Gilbert and Sullivan's The Pirates of Penzance has docked at the Theatre Royal once again.
This production by The Scottish Opera and D'Oyly Carte is nicely staged with stylised, almost cartoon like, sets, (by designer Jamie Varten) which actually add to the staging, especially in the second half. The large cast and orchestra is a delight to see and hear, especially in the settings of the Theatre Royal, which adds an extra delight to the proceedings.
Although to have the words displayed in English, when the show is sung in English does seem to be a little odd.
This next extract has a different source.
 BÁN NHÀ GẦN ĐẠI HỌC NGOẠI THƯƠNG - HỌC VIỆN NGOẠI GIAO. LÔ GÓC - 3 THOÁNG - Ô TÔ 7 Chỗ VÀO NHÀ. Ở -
This is not too distracting until the words kept disappearing part way through a song - it would be improved by having them on all the time.
Telling the story of Frederic (a role shared by Nicholas Sharratt and Sam Furness at different performances) who has serviced his apprenticeship with the Pirates of Penzance after his former nursemaid, (Rosie Aldridge) misheard he should serve his apprenticeship as a pilot.
The story never slows as we follow Frederic leaving the pirates, having served until he is twenty-one. He then encounters a group of young ladies for the first time and thwarts his nursemaid's chances of becoming his wife when he falls in love with Mabel (Rebecca Bottone)
However, when it is revealed he was born on February 29th he has to re-join the Pirates, as technically he is only five years old. Add in to the mix Major General Stanley (Richard Suart), the police and some of Gilbert and Sullivan's best known songs and you have a great night's entertainment.